SIR – Instead of descending to the level of trading personal insults, it might be more beneficial to outline why I felt so strongly about this issue that I took the time to respond to Mr Sullivan in the first place.
At the West Cork Philosophical Society, we choose a theme for each season and this season just passed, our topic was ‘Women Thinkers’. To give some examples, Mary Wollstonecraft in 1792, wrote The Vindication of the Rights of Women in which she argued that women were not, as was assumed at the time, intellectually inferior to men. She argued that women ought to be educated and that this would allow both women and men to flourish and the whole of society would benefit as a result. Despite being one of the most important Enlightenment thinkers Mary Wollstonecraft does not appear on any standard philosophy course.
Anne Conway’s work, The Principles of the Most Ancient and Modern Philosophy, was published anonymously in 1690. A refutation of Descartes’ mind-body split, she held that all ‘matter’ is both living and Divine. Her work ‘anticipates’ that of Gottfried Wilhelm Leibniz - his own work patently echoes Conway’s Monadology.
However, as the Stanford Encyclopaedia states, ‘Although she was unusual as a female philosopher of the seventeenth century by virtue of the fact that her philosophy achieved publication, the anonymity of her work has ensured that she has suffered the same neglect that has been the lot of most pre-modern female philosophers.’
Sor Juana, Hildegard of Bingen, Ayn Rand, Edith Stein, Sarah Kofman, Ruth Millikan, Simone Weil, described by Albert Camus as ‘the only great spirit of our times,’ Judith Butler, Julia Kristeve, Rosa Luxemburg, Sylvia Federici, Susan Bordo, Hannah Arendt- has anyone heard of these women philosophers?
The attitudes that fuelled slavery still linger as do the attitudes that regarded women as inferior to men.
In the wake of hurricane Ophelia, the ‘me too’ campaign rocked society in the midst our season.

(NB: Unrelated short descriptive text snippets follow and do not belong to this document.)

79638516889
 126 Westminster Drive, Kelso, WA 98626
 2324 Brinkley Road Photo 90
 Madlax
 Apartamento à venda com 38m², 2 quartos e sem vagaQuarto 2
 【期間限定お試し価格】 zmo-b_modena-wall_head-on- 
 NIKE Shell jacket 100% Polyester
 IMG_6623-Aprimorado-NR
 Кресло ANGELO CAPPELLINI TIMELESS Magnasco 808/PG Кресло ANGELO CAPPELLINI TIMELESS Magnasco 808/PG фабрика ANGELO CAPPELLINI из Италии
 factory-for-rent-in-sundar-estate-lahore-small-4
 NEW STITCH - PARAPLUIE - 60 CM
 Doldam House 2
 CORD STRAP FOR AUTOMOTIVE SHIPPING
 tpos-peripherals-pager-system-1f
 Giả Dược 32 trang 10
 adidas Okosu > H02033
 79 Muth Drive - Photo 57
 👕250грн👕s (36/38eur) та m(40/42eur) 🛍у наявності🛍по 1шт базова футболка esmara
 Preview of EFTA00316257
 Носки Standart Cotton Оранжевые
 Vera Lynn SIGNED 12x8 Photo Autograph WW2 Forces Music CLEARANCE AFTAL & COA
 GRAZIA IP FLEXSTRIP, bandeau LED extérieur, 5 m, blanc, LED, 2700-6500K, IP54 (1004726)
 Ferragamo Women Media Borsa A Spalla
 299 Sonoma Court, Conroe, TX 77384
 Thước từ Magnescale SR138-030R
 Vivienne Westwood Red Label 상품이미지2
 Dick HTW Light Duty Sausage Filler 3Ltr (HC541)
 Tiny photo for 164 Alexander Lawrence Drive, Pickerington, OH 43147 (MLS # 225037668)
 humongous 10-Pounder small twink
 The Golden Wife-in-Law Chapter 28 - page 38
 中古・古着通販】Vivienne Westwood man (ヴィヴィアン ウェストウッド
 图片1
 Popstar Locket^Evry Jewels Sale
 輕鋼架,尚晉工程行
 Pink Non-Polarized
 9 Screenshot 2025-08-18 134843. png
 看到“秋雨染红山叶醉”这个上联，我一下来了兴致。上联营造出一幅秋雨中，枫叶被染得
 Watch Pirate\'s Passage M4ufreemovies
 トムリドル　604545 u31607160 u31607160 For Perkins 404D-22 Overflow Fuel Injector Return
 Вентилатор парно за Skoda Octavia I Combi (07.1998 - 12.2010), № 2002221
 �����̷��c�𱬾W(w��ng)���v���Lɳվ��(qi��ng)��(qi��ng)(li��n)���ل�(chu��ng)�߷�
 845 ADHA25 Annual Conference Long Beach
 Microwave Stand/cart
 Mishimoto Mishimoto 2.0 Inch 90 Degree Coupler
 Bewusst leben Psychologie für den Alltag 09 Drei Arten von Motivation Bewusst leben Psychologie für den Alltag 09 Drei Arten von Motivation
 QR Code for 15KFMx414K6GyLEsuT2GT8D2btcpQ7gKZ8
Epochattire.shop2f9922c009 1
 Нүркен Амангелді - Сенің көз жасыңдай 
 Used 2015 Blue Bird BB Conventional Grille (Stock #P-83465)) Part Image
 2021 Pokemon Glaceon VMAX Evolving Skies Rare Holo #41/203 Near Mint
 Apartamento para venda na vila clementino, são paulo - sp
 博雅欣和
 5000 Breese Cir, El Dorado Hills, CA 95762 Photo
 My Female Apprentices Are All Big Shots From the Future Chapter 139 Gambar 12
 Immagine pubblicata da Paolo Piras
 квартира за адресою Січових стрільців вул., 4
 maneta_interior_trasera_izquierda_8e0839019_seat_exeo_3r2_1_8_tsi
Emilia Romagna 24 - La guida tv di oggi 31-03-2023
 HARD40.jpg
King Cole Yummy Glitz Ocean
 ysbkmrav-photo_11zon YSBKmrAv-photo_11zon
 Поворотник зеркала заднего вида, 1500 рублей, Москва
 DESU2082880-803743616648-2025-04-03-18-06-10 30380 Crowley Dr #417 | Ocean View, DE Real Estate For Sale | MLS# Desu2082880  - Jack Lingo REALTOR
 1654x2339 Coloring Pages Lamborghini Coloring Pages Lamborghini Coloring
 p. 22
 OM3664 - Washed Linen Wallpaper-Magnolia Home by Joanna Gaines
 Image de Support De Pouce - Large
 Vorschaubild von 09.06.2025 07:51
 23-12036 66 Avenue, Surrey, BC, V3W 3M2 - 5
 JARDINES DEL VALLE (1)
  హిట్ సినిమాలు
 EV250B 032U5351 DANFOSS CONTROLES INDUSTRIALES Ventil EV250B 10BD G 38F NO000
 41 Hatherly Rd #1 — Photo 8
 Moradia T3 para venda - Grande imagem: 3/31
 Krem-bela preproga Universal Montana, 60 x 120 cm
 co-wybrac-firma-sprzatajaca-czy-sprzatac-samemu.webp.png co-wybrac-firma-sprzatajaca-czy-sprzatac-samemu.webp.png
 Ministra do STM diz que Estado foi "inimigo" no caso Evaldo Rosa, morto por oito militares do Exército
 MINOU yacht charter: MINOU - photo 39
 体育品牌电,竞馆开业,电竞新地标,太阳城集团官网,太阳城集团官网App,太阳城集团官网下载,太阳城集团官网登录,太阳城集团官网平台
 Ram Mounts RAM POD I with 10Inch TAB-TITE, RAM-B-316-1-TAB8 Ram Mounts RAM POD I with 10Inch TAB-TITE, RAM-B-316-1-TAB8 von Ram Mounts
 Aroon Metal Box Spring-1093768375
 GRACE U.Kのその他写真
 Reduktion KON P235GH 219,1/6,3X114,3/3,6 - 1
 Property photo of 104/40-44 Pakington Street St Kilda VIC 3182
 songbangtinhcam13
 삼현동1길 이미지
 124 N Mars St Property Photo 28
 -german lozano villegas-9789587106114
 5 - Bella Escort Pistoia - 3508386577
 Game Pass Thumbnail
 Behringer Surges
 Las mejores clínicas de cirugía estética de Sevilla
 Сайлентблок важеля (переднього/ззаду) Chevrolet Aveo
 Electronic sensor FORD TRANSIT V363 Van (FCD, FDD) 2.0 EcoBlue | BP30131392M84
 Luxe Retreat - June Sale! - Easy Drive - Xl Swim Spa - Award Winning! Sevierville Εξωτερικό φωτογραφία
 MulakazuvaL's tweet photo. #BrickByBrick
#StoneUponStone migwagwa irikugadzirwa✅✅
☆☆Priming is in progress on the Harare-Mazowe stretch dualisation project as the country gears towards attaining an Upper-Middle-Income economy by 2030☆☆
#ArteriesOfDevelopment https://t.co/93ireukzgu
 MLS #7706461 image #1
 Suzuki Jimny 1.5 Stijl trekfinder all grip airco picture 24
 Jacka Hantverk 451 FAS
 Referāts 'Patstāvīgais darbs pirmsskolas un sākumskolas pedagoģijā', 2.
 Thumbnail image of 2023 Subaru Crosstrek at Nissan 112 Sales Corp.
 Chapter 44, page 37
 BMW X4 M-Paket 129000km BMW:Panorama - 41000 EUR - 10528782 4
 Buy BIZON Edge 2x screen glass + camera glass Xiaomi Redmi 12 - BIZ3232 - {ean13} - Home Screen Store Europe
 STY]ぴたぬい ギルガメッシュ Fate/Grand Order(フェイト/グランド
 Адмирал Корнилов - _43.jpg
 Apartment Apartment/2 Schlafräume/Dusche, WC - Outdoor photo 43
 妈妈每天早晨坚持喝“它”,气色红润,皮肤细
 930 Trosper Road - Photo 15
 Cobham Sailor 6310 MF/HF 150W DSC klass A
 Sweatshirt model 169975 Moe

I think that a person would have to be made of stone not to be moved by the accounts given not only by celebrities, but by neighbours, partners, sisters, friends about the extent of misogyny still present in society.
A veil of silence was lifted. I personally felt a great sense of the injustice to which women have been subjected. I think that was shared by a lot of women.
So it was that I read the original letter by Mr Sullivan suggesting that these women are all crazy ‘feminists’ speaking out to falsely accuse men because they are ‘men-haters’.
I certainly do not hate men as Mr Sullivan suggests and neither am I tarring all men with the same brush.
I can’t help but wonder though, having looked at these women thinkers, if women had been educated and included in the planning and organising of society from the outset, what sort of world would it be?
From January, our topic of choice for the Philosophical Society is power.